Data extract below:

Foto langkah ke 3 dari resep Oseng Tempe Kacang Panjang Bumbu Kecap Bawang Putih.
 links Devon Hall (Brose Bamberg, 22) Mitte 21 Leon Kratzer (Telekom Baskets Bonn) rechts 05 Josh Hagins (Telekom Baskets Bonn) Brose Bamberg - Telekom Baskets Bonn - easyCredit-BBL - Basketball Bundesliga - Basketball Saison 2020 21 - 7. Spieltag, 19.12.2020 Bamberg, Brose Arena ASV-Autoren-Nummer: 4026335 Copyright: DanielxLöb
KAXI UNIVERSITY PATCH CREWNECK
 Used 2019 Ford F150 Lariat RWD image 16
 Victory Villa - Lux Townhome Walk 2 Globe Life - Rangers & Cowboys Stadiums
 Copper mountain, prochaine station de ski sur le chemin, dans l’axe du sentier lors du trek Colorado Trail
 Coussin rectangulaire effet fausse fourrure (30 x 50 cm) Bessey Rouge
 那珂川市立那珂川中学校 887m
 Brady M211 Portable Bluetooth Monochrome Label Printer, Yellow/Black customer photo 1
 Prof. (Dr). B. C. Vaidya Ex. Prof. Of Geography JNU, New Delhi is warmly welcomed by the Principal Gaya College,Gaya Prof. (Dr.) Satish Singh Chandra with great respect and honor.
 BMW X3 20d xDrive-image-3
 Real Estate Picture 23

End of Data extract.

* Work instructions: The entries are to be retyped in full, with no alteration.

* The completed task:
Foto langkah ke 3 dari resep Oseng Tempe Kacang Panjang Bumbu Kecap Bawang Putih.
 links Devon Hall (Brose Bamberg, 22) Mitte 21 Leon Kratzer (Telekom Baskets Bonn) rechts 05 Josh Hagins (Telekom Baskets Bonn) Brose Bamberg - Telekom Baskets Bonn - easyCredit-BBL - Basketball Bundesliga - Basketball Saison 2020 21 - 7. Spieltag, 19.12.2020 Bamberg, Brose Arena ASV-Autoren-Nummer: 4026335 Copyright: DanielxLöb
KAXI UNIVERSITY PATCH CREWNECK
 Used 2019 Ford F150 Lariat RWD image 16
 Victory Villa - Lux Townhome Walk 2 Globe Life - Rangers & Cowboys Stadiums
 Copper mountain, prochaine station de ski sur le chemin, dans l’axe du sentier lors du trek Colorado Trail
 Coussin rectangulaire effet fausse fourrure (30 x 50 cm) Bessey Rouge
 那珂川市立那珂川中学校 887m
 Brady M211 Portable Bluetooth Monochrome Label Printer, Yellow/Black customer photo 1
 Prof. (Dr). B. C. Vaidya Ex. Prof. Of Geography JNU, New Delhi is warmly welcomed by the Principal Gaya College,Gaya Prof. (Dr.) Satish Singh Chandra with great respect and honor.
 BMW X3 20d xDrive-image-3
 Real Estate Picture 23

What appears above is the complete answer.